(Material shown begins)

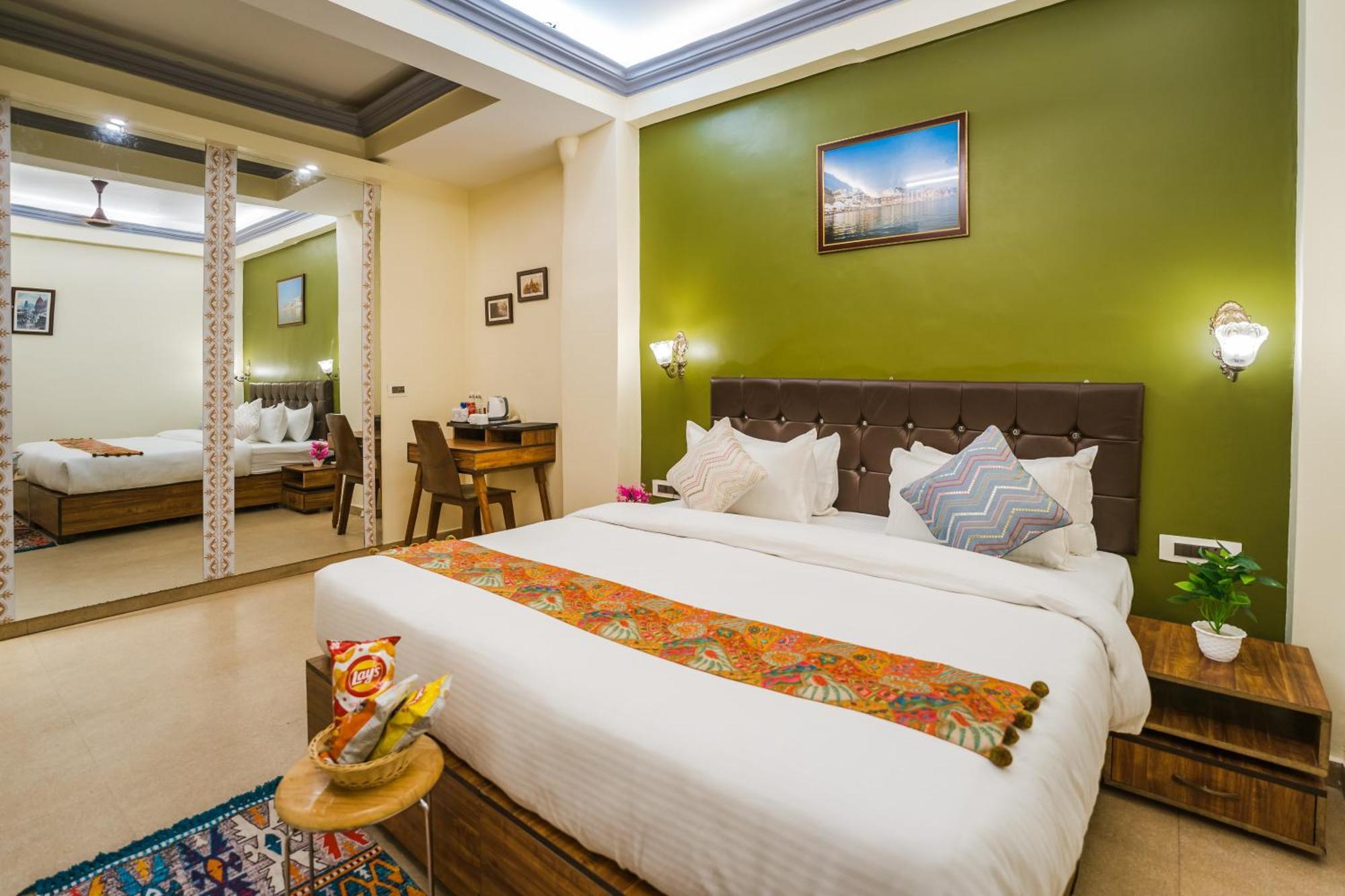 Tripli Hotels Silver Shine 바라나시 외부 사진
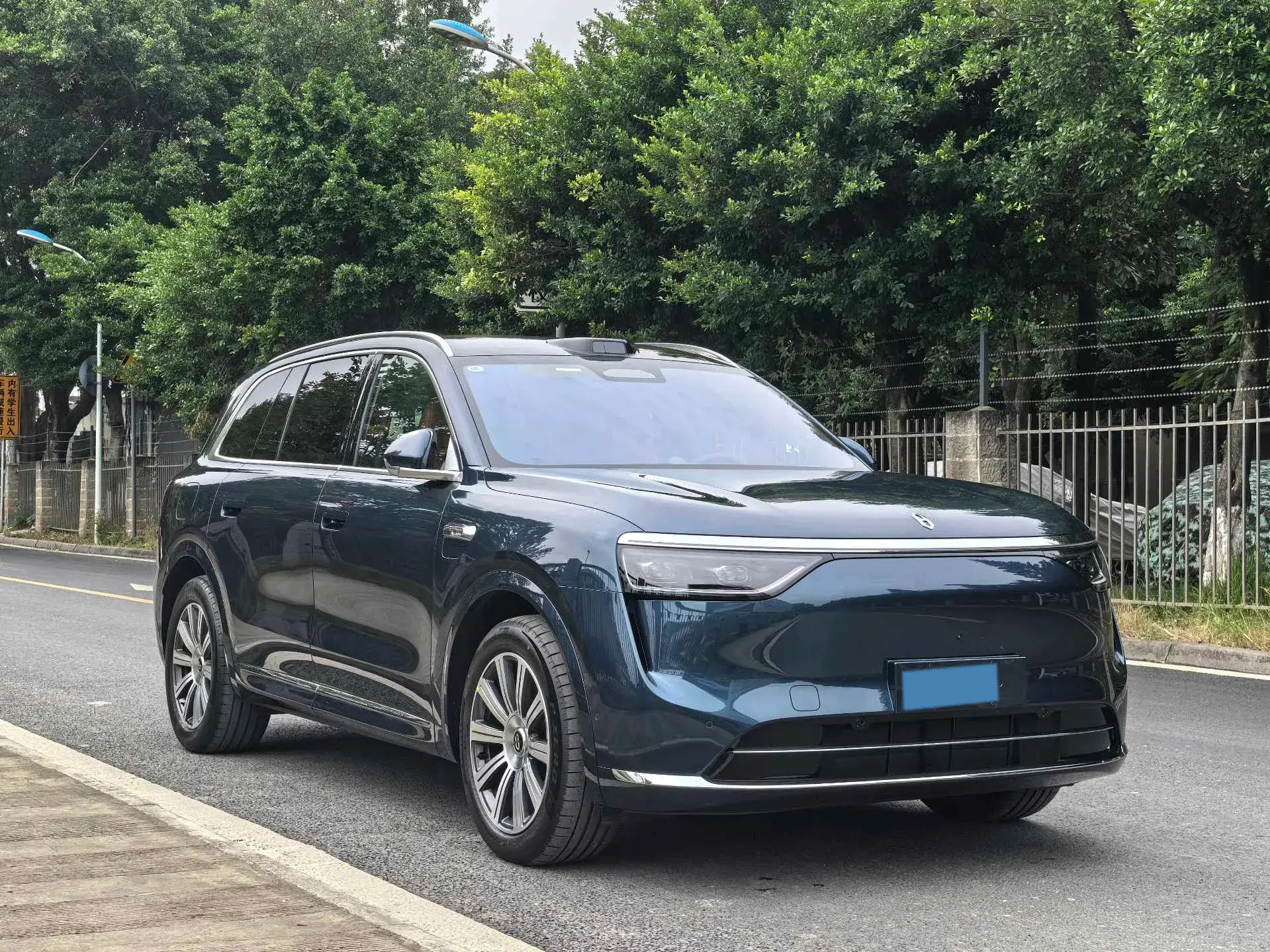 2025 AITO AITO thumbnail 3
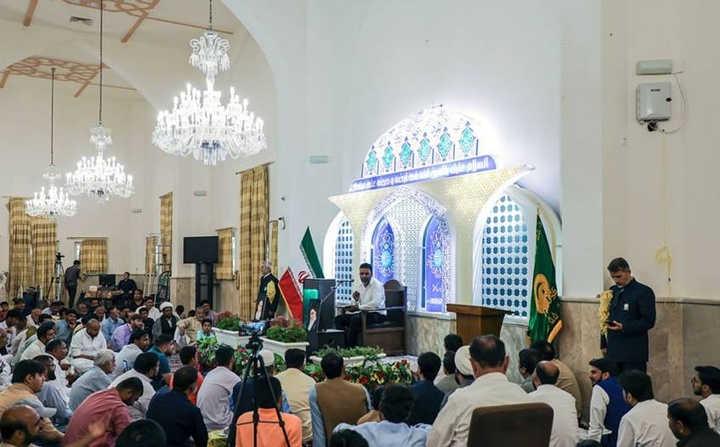 عقد لقاء تخصصي حول «السيرة الثورية والسياسية للسیدة الزهراء (س) في العتبة الرضوية المقدسة عقد لقاء تخصصي حول «السيرة الثورية والسياسية للسیدة الزهراء (س) في العتبة الرضوية المقدسة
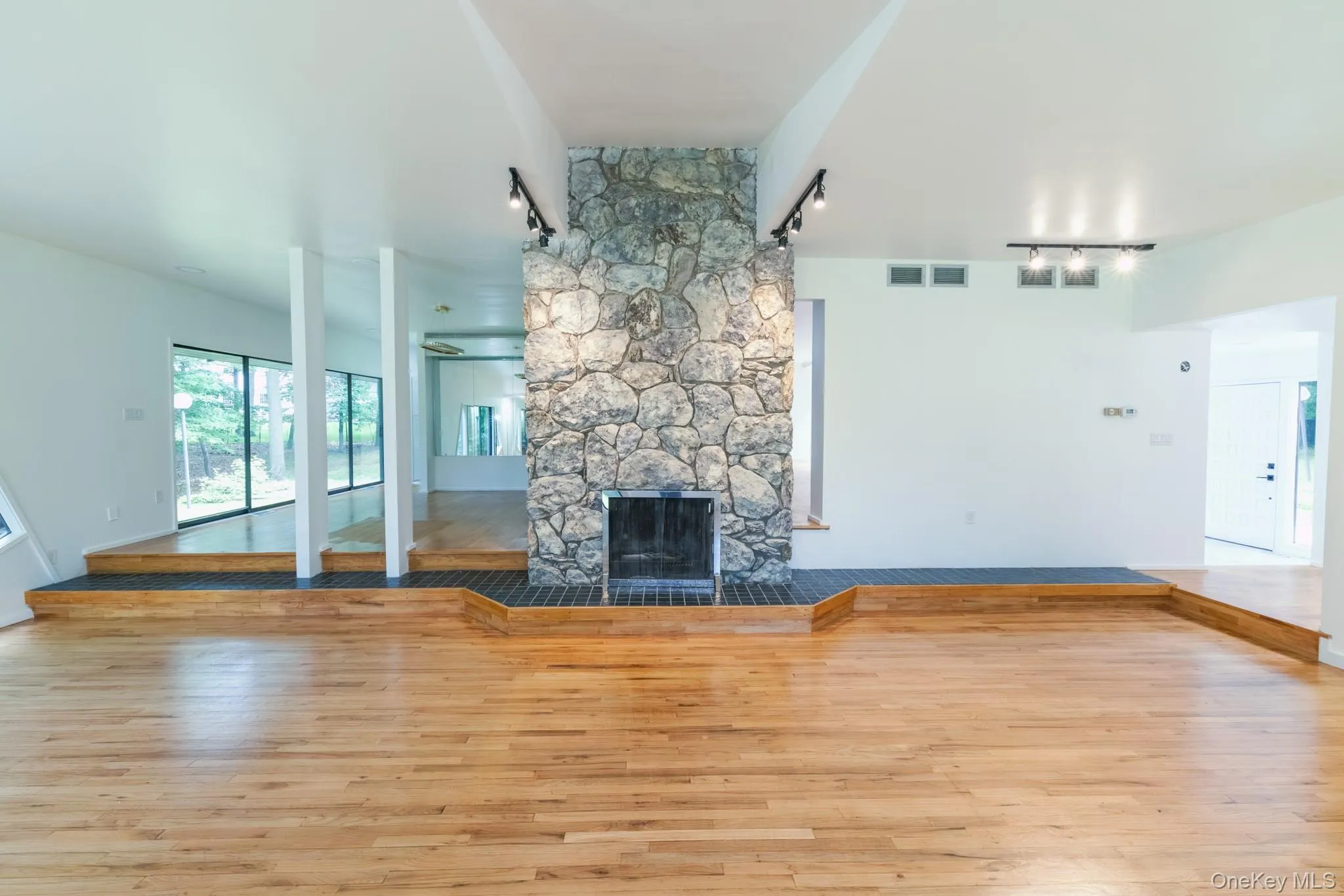 12 Lost Meadow Lane, Brookhaven, NY, 4 Bedrooms Bedrooms, 8 Rooms Rooms,2 BathroomsBathrooms,Residential,For Rent,Lost Meadow,0,1016804 12 Lost Meadow Lane, Brookhaven, NY, 4 Bedrooms Bedrooms, 8 Rooms Rooms,2 BathroomsBathrooms,Residential,For Rent,Lost Meadow,0,1016804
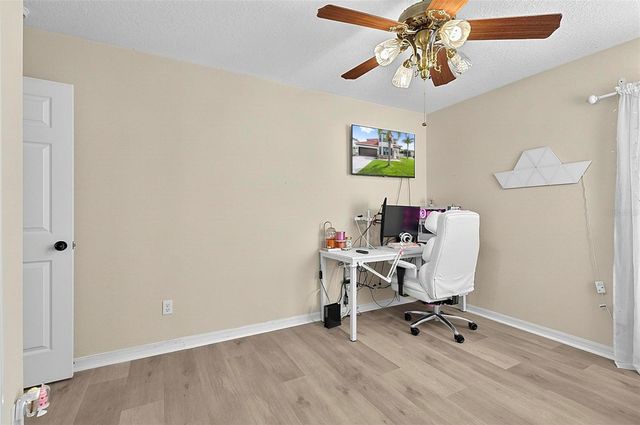2001 RED BLUFF AVENUE, Apopka, FL 32712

(Material shown ends)

• [Your goal] The whole listing must be restated word for word. Leave out any pictures.

• [Answer for this exercise]
 Tripli Hotels Silver Shine 바라나시 외부 사진
 2025 AITO AITO thumbnail 3
 عقد لقاء تخصصي حول «السيرة الثورية والسياسية للسیدة الزهراء (س) في العتبة الرضوية المقدسة عقد لقاء تخصصي حول «السيرة الثورية والسياسية للسیدة الزهراء (س) في العتبة الرضوية المقدسة
 12 Lost Meadow Lane, Brookhaven, NY, 4 Bedrooms Bedrooms, 8 Rooms Rooms,2 BathroomsBathrooms,Residential,For Rent,Lost Meadow,0,1016804 12 Lost Meadow Lane, Brookhaven, NY, 4 Bedrooms Bedrooms, 8 Rooms Rooms,2 BathroomsBathrooms,Residential,For Rent,Lost Meadow,0,1016804
2001 RED BLUFF AVENUE, Apopka, FL 32712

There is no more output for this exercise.